Captioned web images:
□ □ □ □ □ □ □
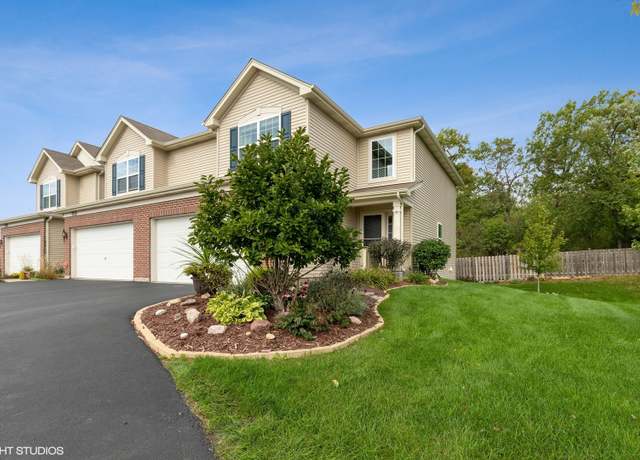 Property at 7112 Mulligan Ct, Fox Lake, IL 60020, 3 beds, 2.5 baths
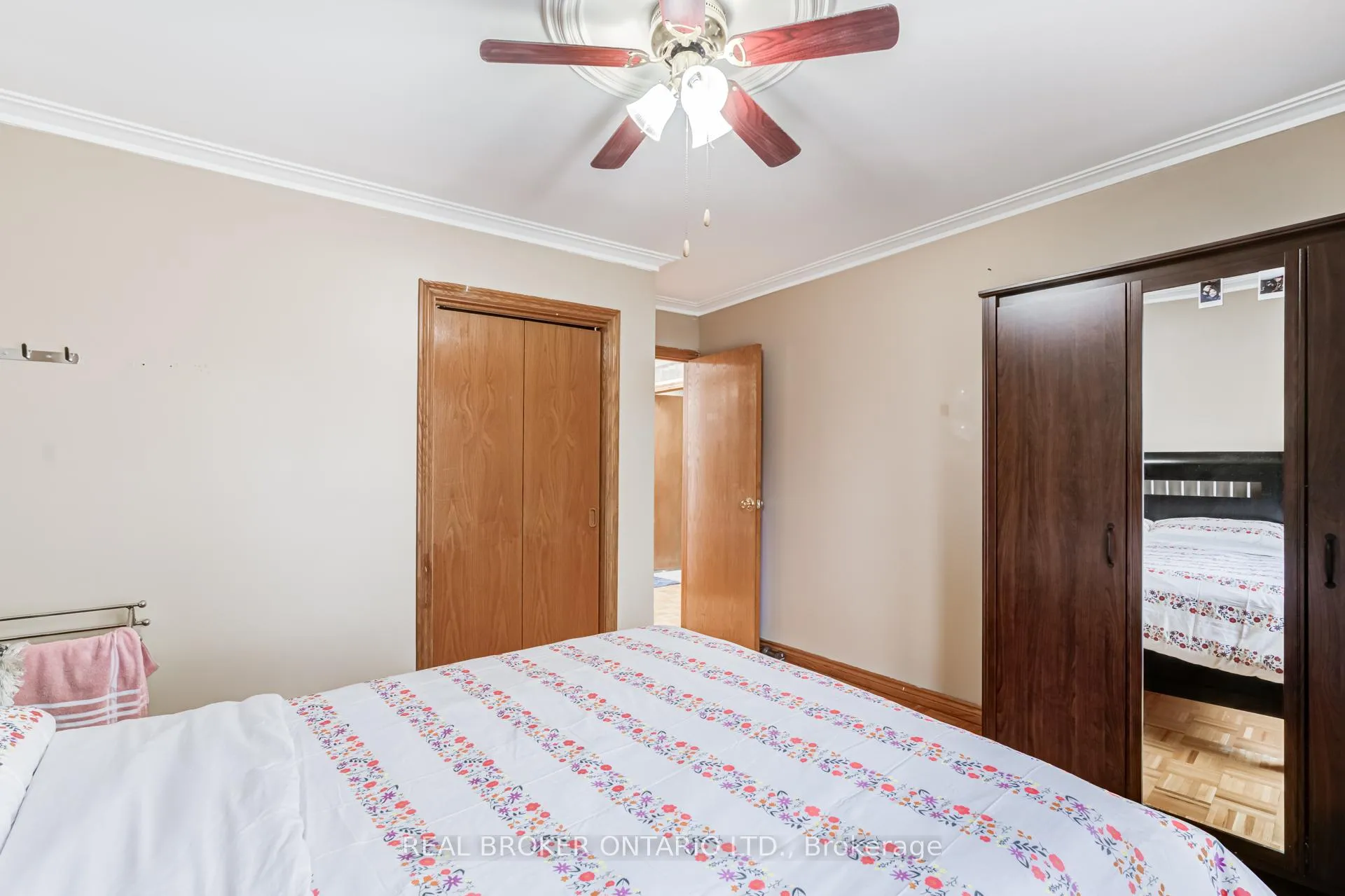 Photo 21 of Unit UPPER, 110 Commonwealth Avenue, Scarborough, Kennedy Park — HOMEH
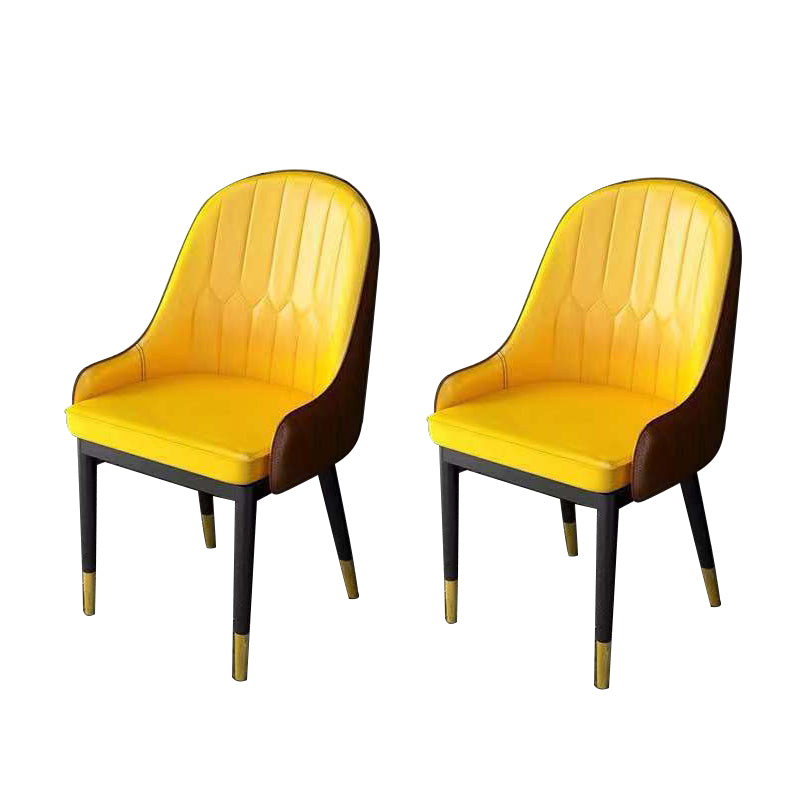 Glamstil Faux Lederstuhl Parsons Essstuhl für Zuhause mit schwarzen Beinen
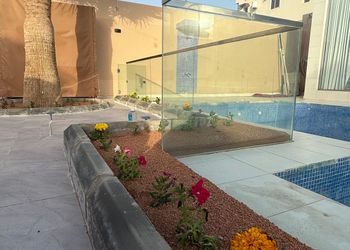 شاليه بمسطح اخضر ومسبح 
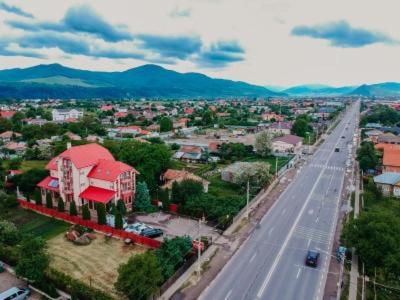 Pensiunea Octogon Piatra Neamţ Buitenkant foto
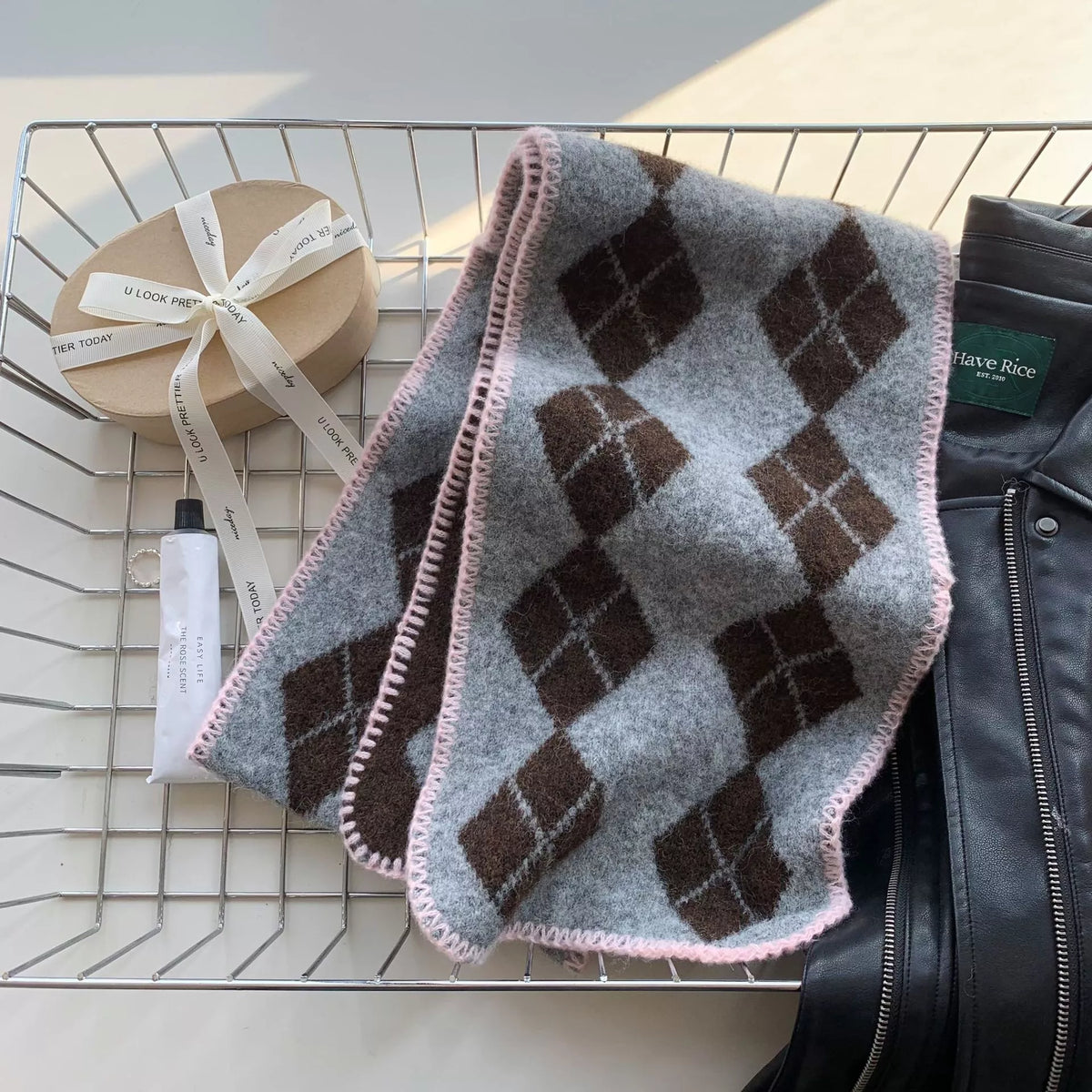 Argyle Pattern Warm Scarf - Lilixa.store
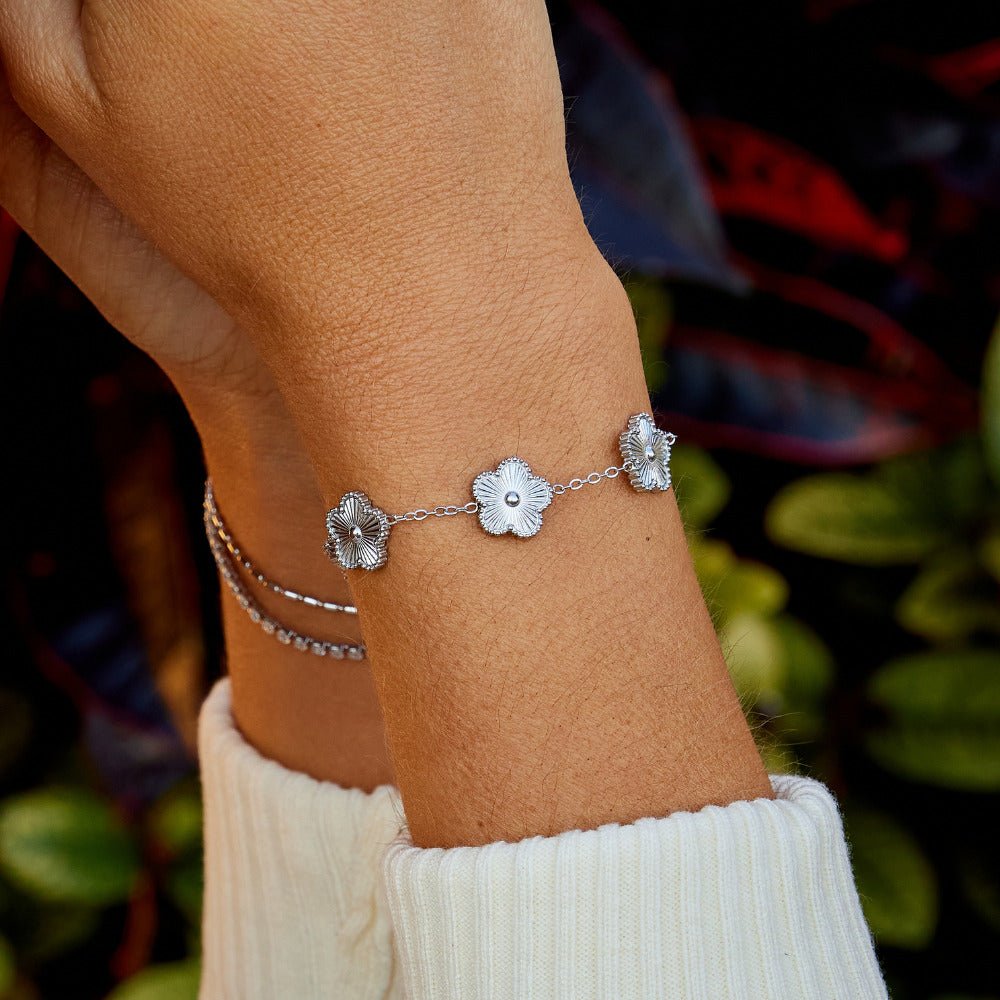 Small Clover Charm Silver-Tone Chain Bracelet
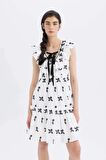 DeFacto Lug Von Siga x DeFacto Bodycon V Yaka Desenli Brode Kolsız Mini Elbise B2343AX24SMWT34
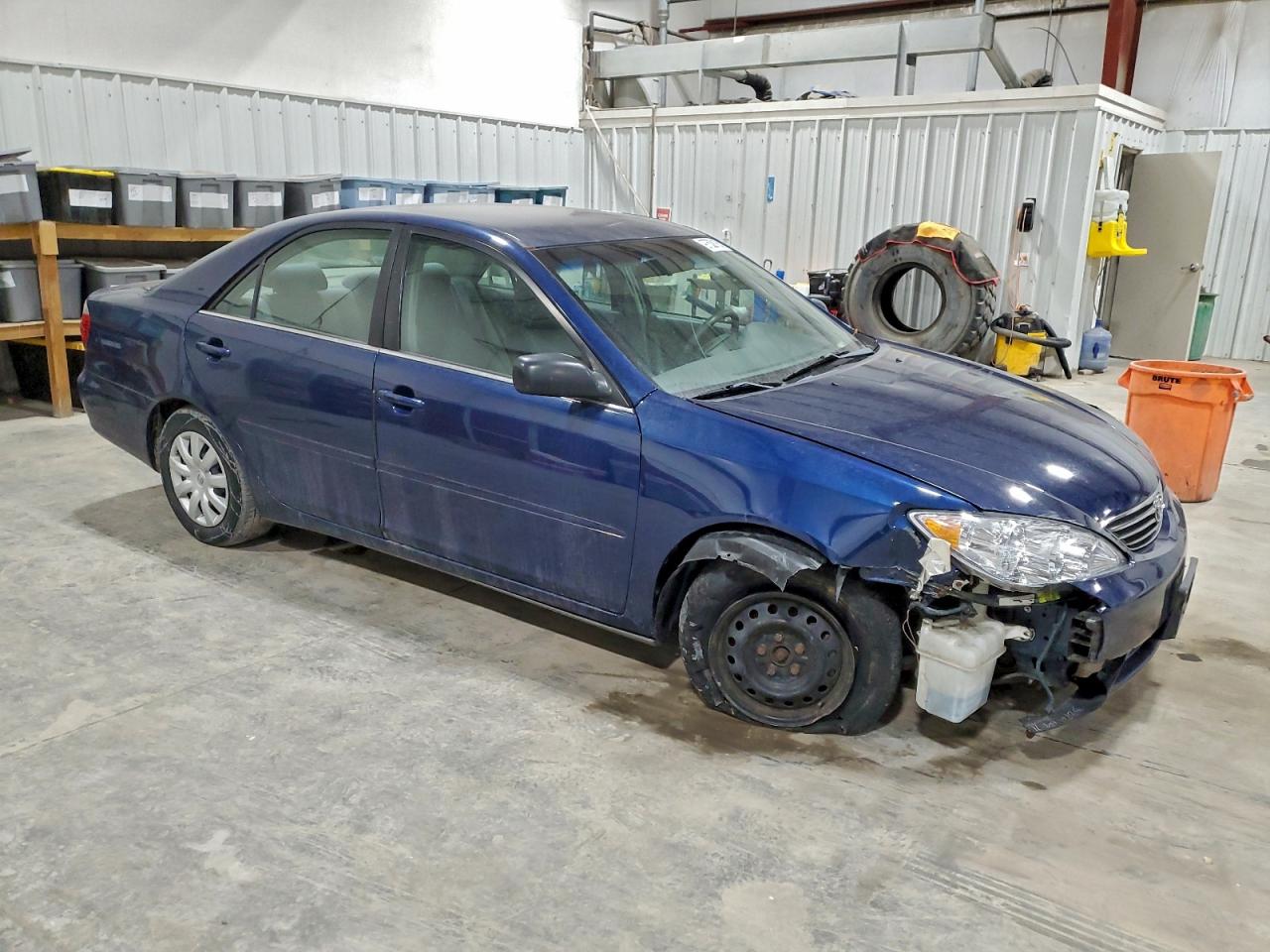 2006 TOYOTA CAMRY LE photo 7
□ □ □ □ □ □ □
> [TASK TO COMPLETE] With the pictures excluded, retype the records above verbatim.

> [EXPECTED ANSWER]
 Property at 7112 Mulligan Ct, Fox Lake, IL 60020, 3 beds, 2.5 baths
 Photo 21 of Unit UPPER, 110 Commonwealth Avenue, Scarborough, Kennedy Park — HOMEH
 Glamstil Faux Lederstuhl Parsons Essstuhl für Zuhause mit schwarzen Beinen
 شاليه بمسطح اخضر ومسبح 
 Pensiunea Octogon Piatra Neamţ Buitenkant foto
 Argyle Pattern Warm Scarf - Lilixa.store
 Small Clover Charm Silver-Tone Chain Bracelet
 DeFacto Lug Von Siga x DeFacto Bodycon V Yaka Desenli Brode Kolsız Mini Elbise B2343AX24SMWT34
 2006 TOYOTA CAMRY LE photo 7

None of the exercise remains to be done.